Other core volunteers soon followed, under Mr. Gillis' leadership.
Mr. Frenette brought along a Free Press clipping that evening when Big Tupper Ski Area cut the official ribbon at the 1973 opening of the Mt. Morris network which was eventually expanded to the golf course site.
Jules Callaghan said he remembered making the sign for the new trail network.
In the off-seasons of recent years the town's trail team has also been at the center of volunteer trail-building efforts, which drew the help of many in the community. The new trails have been built in the woods, rather than in open areas, to protect them from the wind and the sun, boosting the season's longevity.
Mr. Gillis reported that evening that much of the Adirondack Park Agency permit application work has been completed for the new multi-season trail soon to be built, which in his words, will cover the entire “backside” of the course. “We're inching closer!”
Part of the trail work will involve the construction of three new bridges which will cross wetland areas, requiring the APA permit.
Much of the tree-clearing in the new trail right of way has already been completed Mr. Gillis, Mr. Lanthier and others up to where the first bridge will be built, Mr. Quinn noted. “Work has to hold off now until we get a wetland permit.”
“We're not slowing down, however,...we are going to get the trail done!”
He also reported that a feasibility study commissioned by the town through a grant program has pointed up the cost of paid labor to tackle the bridge construction to “be way high.”
He said the trail-builders will need some town funds for materials and predicted with numerous local volunteers, like the numbers which have come out at past trail-building work bees- the new trail and its bridges can be built for “a fraction of the costs” detailed in the study.
John Gillis agreed. “We put out a call and people show up. Hundreds have over the years. That's how all the trails have been done so far. I'd rather build it locally...people like the ownership... they get that community pride...it's what has propelled us!”
Councilman Quinn reported that evening that the town has filed the first piece of a grant application through the Development Authority of the North Country to the Northern Forest Council for funds to winterize the pro shop and make other changes to help make it a four-season facility. The town's first application last year was unsuccessful.
The supervisor said this is actually an application to submit an application, which is the process that must be followed.

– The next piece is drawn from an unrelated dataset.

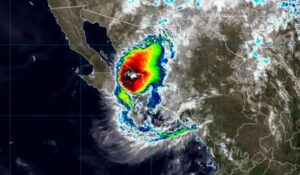 Segundo impacto: El huracán Polo toca tierra en Sonora tras impactar BCS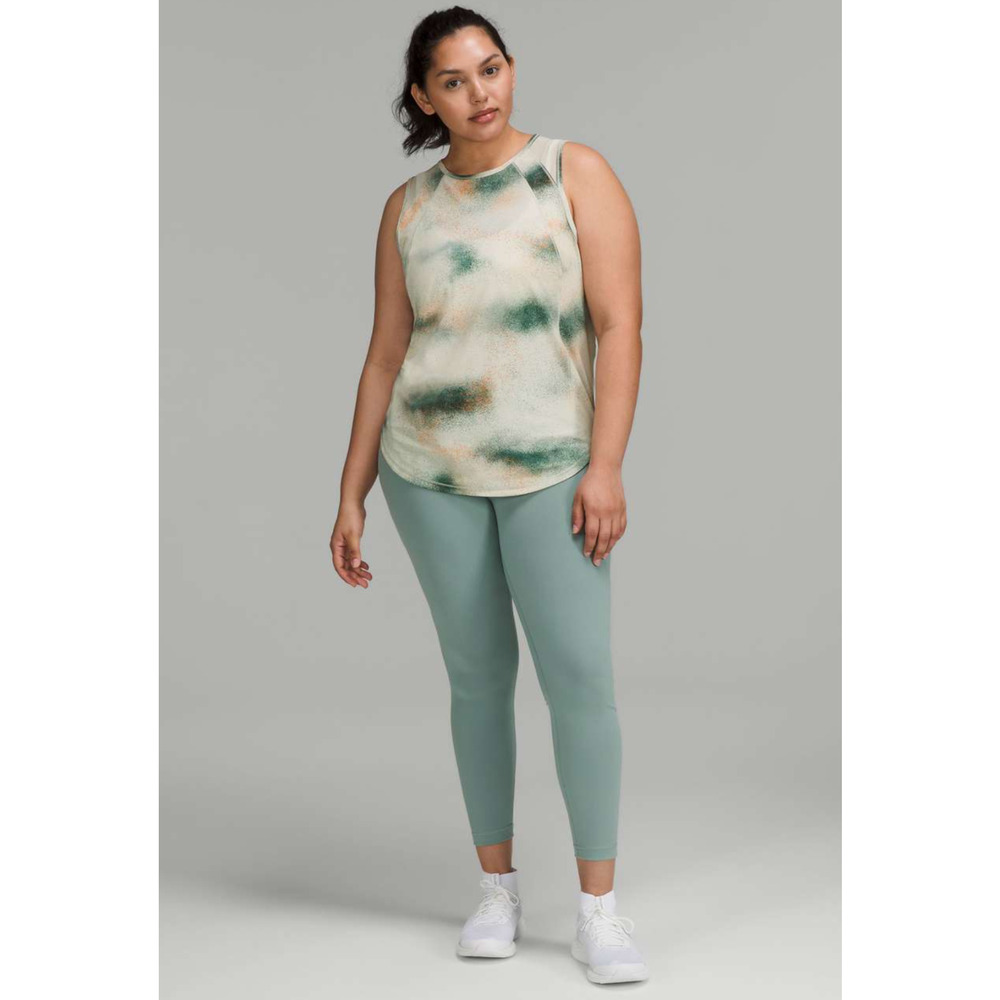 Lululemon Sculpt Tank Top *Back Vent* Size 6 Spray Camo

Once the town is invited to apply the second submission is a very quick process- 30 to 60 days.
A year-round pro shop building would give skiers indoor restrooms and a warming place.
He also thought a small warming hut could be erected near the relocated fire pit adjacent to Cranberry Pond. An electric line is very near that site to furnish power to it.
“These improvements are necessary to making the golf course a four-season facility!” chimed in Councilman Mike Dechene.
“Maybe even a rope tow” for the sliding hill someday? the supervisor speculated.
Mr. Quinn also commended Bill Dechene and his highway crew, who he said were invaluable in terms of helping with the trail network's equipment maintenance and transporting of the machines to area dealers for service.